-- Opening Marker --
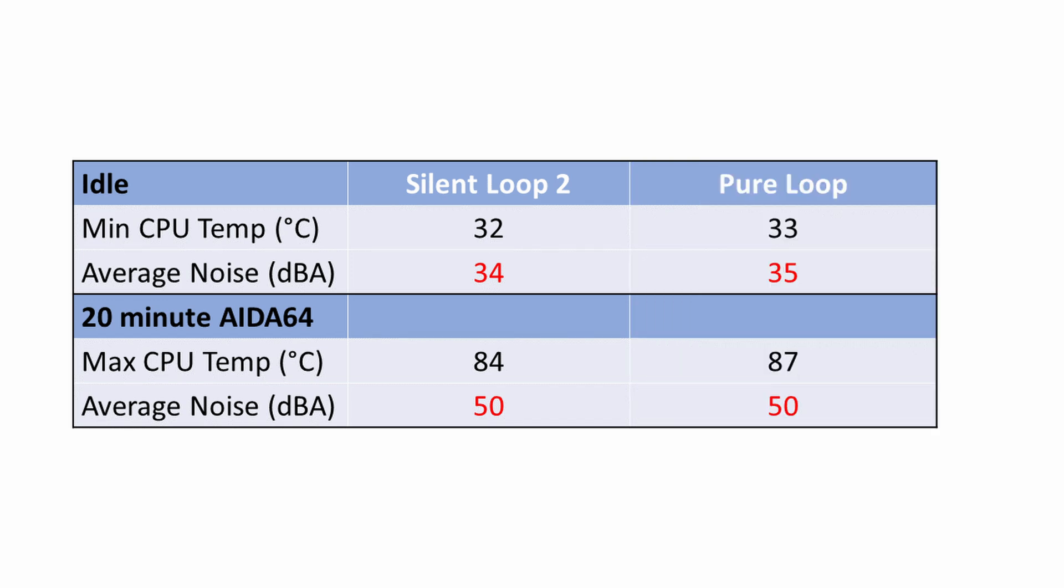Comparing performance to the Pure Loop, using the Silent Loop 2, our CPU idled 1 degree cooler while it was 3 degrees cooler under the AIDA64 stability test. Comparing noise levels, the Silent Loop 2 was 1 decibel quieter at idle, while there was no difference under load conditions.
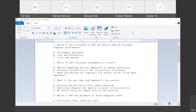For undergraduate-level computer architecture, you can have many assembly and host programming parts. But for graduate-level computer architecture, the situation is kind of different.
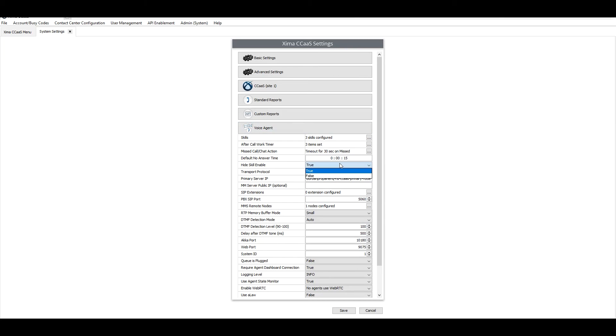By default, it's set to false, but if you want to disable this option for the agent, you set it to true. That's how it's done. So I set it to true and then click Save and you're good to go.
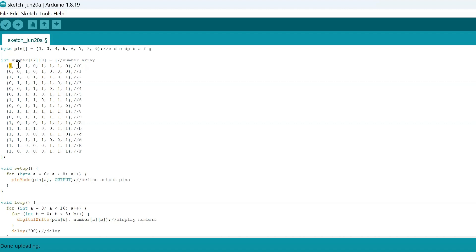Each of these segments - this segment, this segment, this segment - all being lit up displays the number 0. This segment, this segment, displays the number 1, and so on and so forth. So each of these arrays correspond to their value on the 7-segment display.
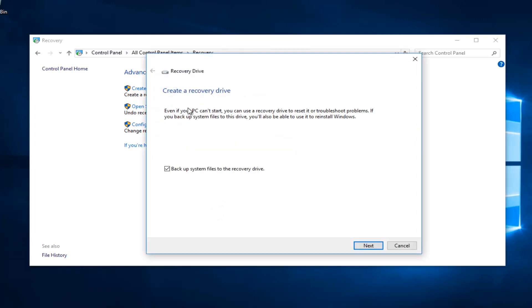So it says create a recovery drive. Even if your PC can't start, you can still use a recovery drive to reset or troubleshoot problems. If you backup system files to this drive, you will also be able to use them to reinstall Windows. And you can keep this checked if you want. You don't have to. But if you want to backup system files to recovery drive, you're welcome to.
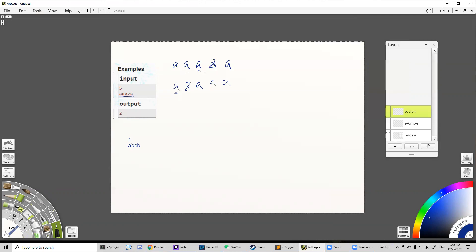How can we make sure we use the minimal number of steps? We still iterate each character in the target stream, but to ensure we only use the minimal number of steps, we need to make sure the character we move to the target position is the nearest character. The 'a' in the initial stream closest to our target position doesn't need extra steps to move. So our strategy is clear: for each character, move the closest matching character to the target position.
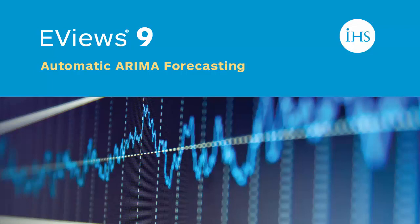eViews offers an automatic ARIMA forecasting procedure to allow you to quickly determine an appropriate ARIMA specification and use it to forecast a series into the future.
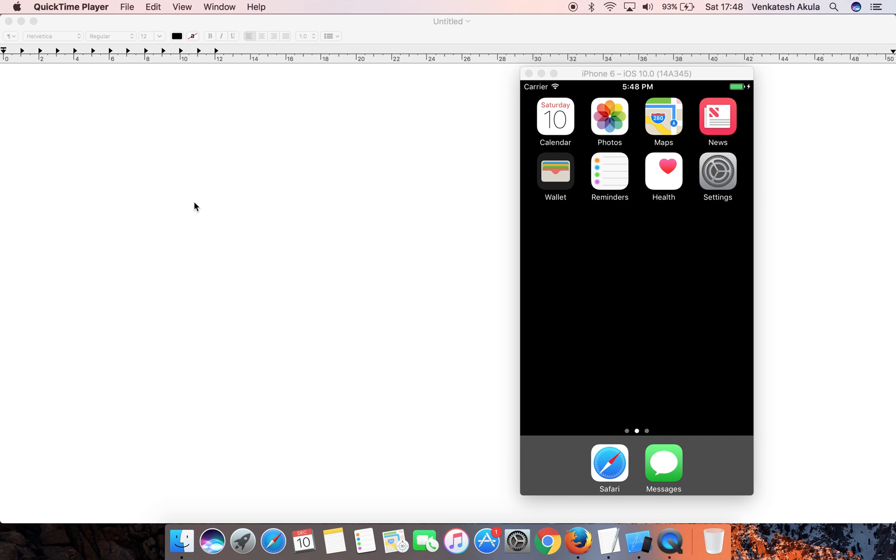Hello guys, welcome to my channel. In this video, I'm going to show you how to reset an iPhone simulator.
-- Closing Marker --
WORK TO COMPLETE →
Once the line containing "So it says create" has been located, transcribe exactly and only every line from the first line of the entries through it, excluding pictures.

EXERCISE SOLUTION →
Comparing performance to the Pure Loop, using the Silent Loop 2, our CPU idled 1 degree cooler while it was 3 degrees cooler under the AIDA64 stability test. Comparing noise levels, the Silent Loop 2 was 1 decibel quieter at idle, while there was no difference under load conditions.
For undergraduate-level computer architecture, you can have many assembly and host programming parts. But for graduate-level computer architecture, the situation is kind of different.
By default, it's set to false, but if you want to disable this option for the agent, you set it to true. That's how it's done. So I set it to true and then click Save and you're good to go.
Each of these segments - this segment, this segment, this segment - all being lit up displays the number 0. This segment, this segment, displays the number 1, and so on and so forth. So each of these arrays correspond to their value on the 7-segment display.
So it says create a recovery drive. Even if your PC can't start, you can still use a recovery drive to reset or troubleshoot problems. If you backup system files to this drive, you will also be able to use them to reinstall Windows. And you can keep this checked if you want. You don't have to. But if you want to backup system files to recovery drive, you're welcome to.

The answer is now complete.